In the UK, in the early 1980s, there was a company called Acorn that made relatively expensive home computers that were mostly found in schools. However, many teachers also got a discount, and this meant you could also find them in the homes of teachers' children. These machines were the BBC Micro, and while they weren't as capable as a Commodore 64 or Atari 800, or as cheap and functional as a Sinclair ZX Spectrum, they were easy to program, easy to expand, and most of all, ran the original version of Elite. And back in 1984, Elite was the game to play. All of which means that while there's plenty of nostalgia locked up in these old systems, there's not quite the plethora of emulators you usually get for other famed old '80s computers.

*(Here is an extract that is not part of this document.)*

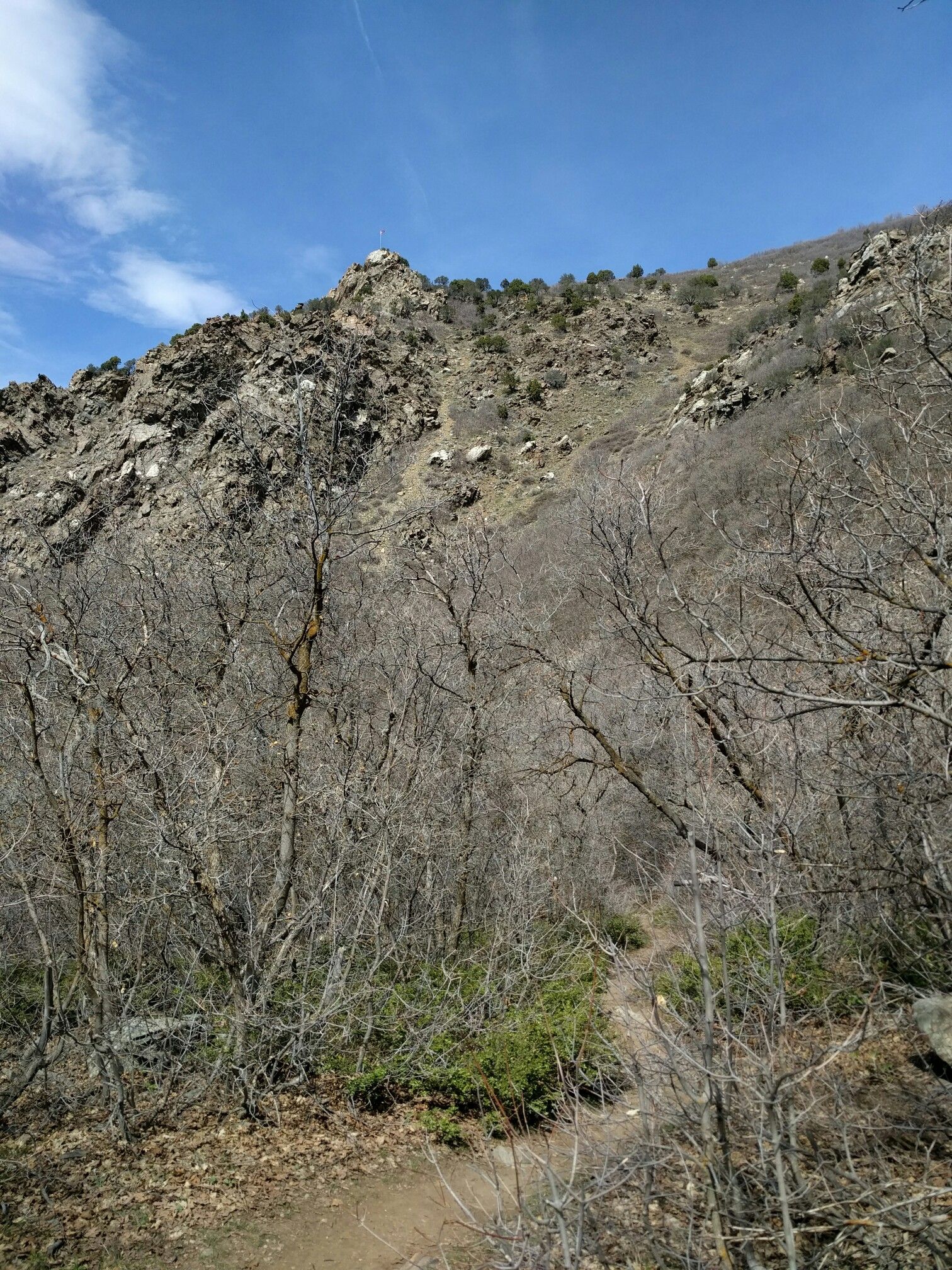 Rocky mountain peak above bare trees and a dirt path under a blue sky. - South Deuel Creek Trail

Which is why it's great to see b2, a cross-platform BBC Micro emulator. From the moment you start it up and hear that simple square wave beep, you're transported back to your friend's house (the one with the teacher as a parent). b2 emulates the more expensive models: the Model B, the Model B+, and the even more expensive Master 128 editions of the hardware, the latter of which just happens to host the definitive version of Elite. If you have a disk image handy, you simply load it into the emulator and try to remember the load incantation for the BASIC interpreter (hint: run *CAT to get a file listing, and then load a file with CHAIN "filename"). There's a lovely on-screen display too, using an unusual but pleasing graphical toolkit. It's used to show when drives are being accessed and to reconfigure the keyboard layout. The output always looks fantastic, thanks to its use of OpenGL, and the thoroughly modern audio output even includes disk noise. But the best feature is the timeline. This lets you record an emulated sequence, save states, and generate video from your recording. All of which makes revisiting the BBC Micro a complete joy.

Project Website

https://github.com/tom-seddon/b2

Acorn, the makers of the original BBC Micro, later became ARM of CPU fame (an acronym that originally stood for Acorn RISC Machine).